+++ EXERCISE MATERIAL +++

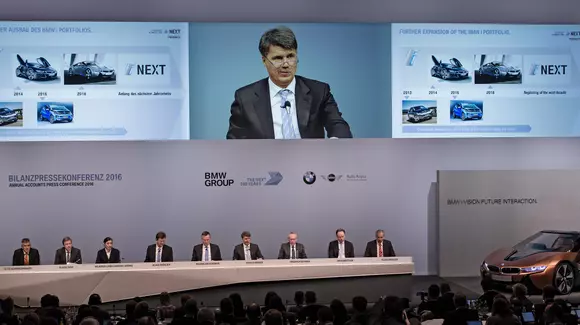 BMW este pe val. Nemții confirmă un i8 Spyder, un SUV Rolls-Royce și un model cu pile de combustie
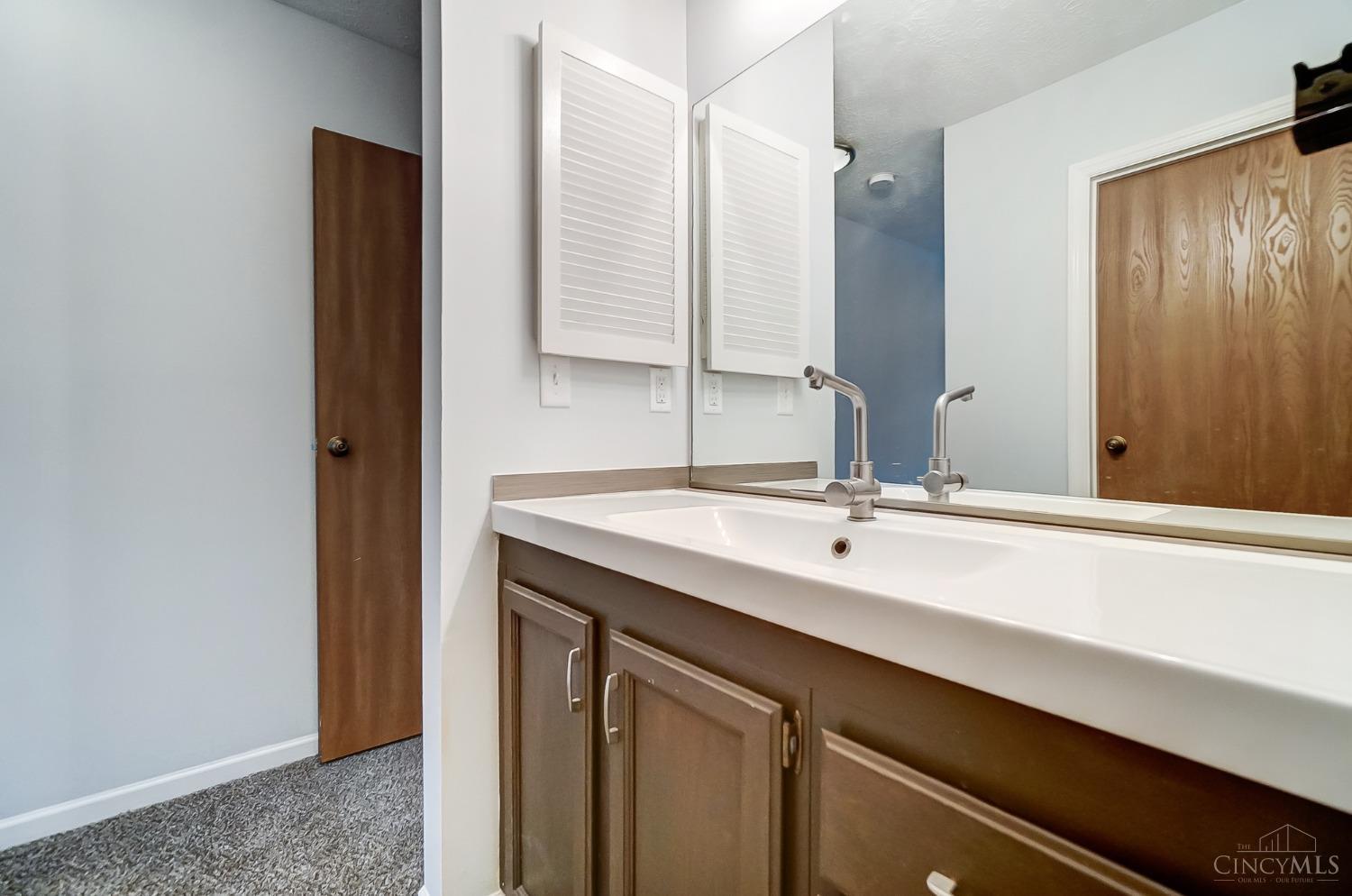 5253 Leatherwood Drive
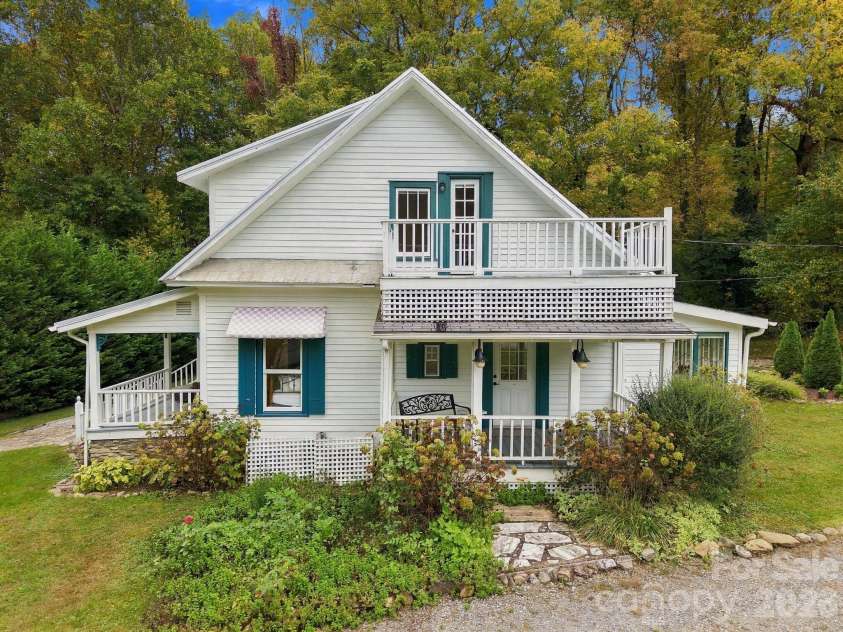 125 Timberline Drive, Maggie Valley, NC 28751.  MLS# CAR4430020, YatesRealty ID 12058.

+++
+++ EXERCISE MATERIAL +++

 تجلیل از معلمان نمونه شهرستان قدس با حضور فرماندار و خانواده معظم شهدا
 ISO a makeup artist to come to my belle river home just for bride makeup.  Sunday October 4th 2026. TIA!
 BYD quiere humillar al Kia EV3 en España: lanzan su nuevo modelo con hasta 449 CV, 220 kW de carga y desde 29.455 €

+++
+++ EXERCISE MATERIAL +++

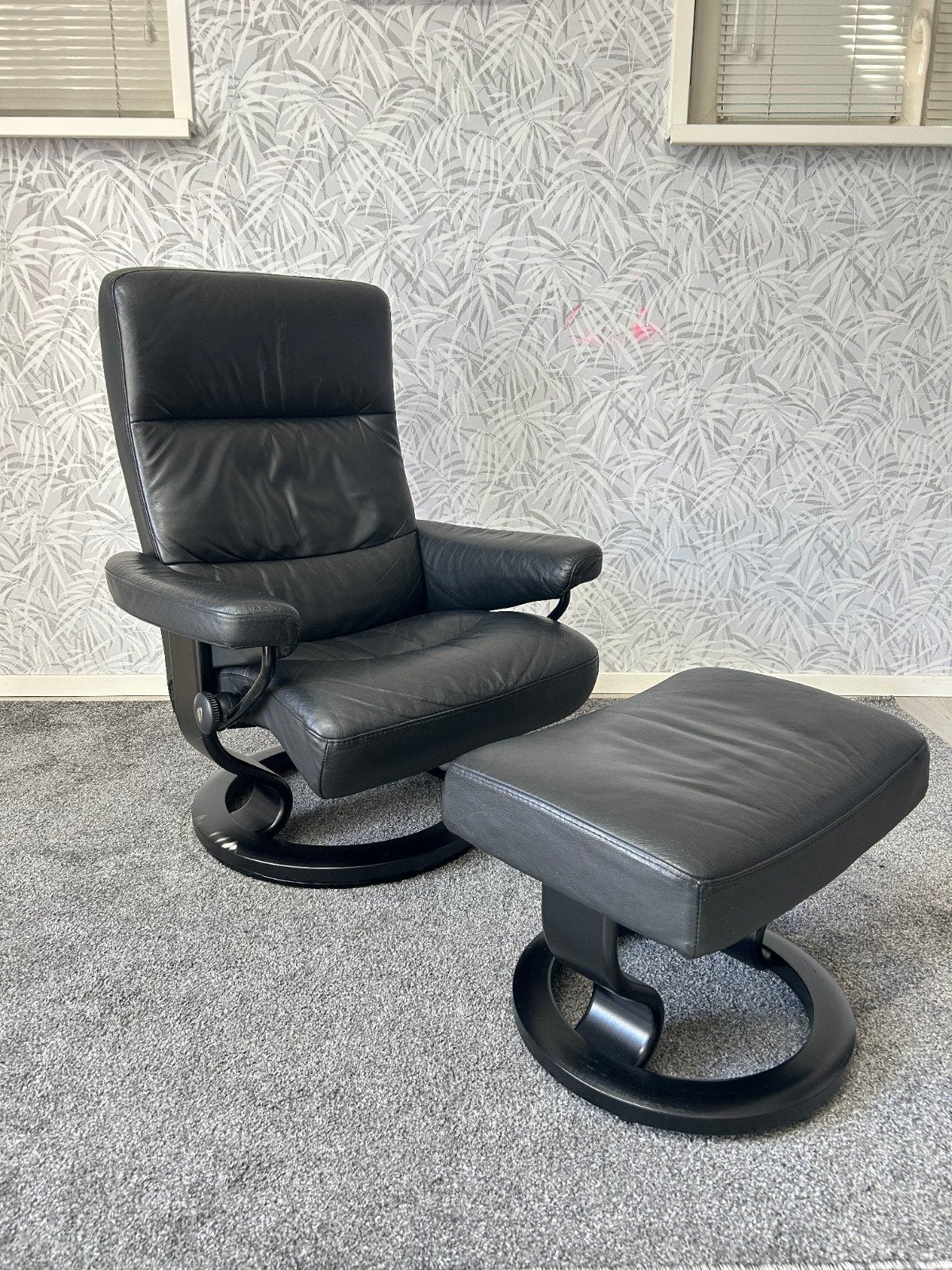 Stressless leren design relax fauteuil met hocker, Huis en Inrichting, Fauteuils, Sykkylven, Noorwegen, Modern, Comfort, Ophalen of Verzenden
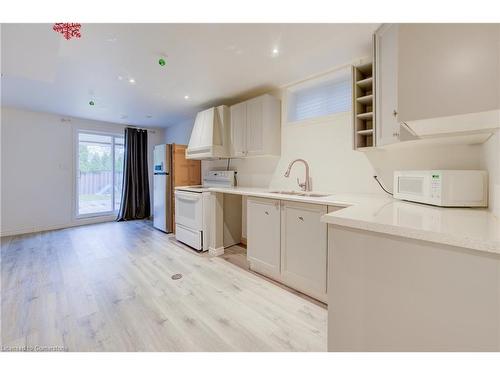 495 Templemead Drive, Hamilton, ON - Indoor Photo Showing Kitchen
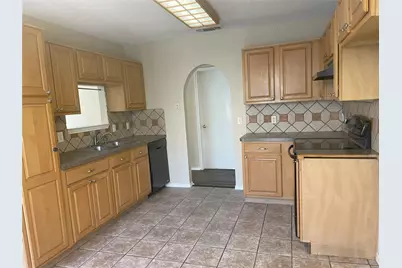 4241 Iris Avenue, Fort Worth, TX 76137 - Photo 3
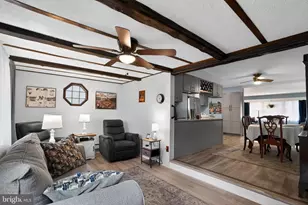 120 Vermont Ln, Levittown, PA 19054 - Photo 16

+++

• [REQUIREMENT] Within the data above, the lines from the one with "تجلیل از معلمان" to the one with "BYD quiere humillar" must be repeated exactly; no other line belongs in the answer.

• [COMPLETED TASK]
 تجلیل از معلمان نمونه شهرستان قدس با حضور فرماندار و خانواده معظم شهدا
 ISO a makeup artist to come to my belle river home just for bride makeup.  Sunday October 4th 2026. TIA!
 BYD quiere humillar al Kia EV3 en España: lanzan su nuevo modelo con hasta 449 CV, 220 kW de carga y desde 29.455 €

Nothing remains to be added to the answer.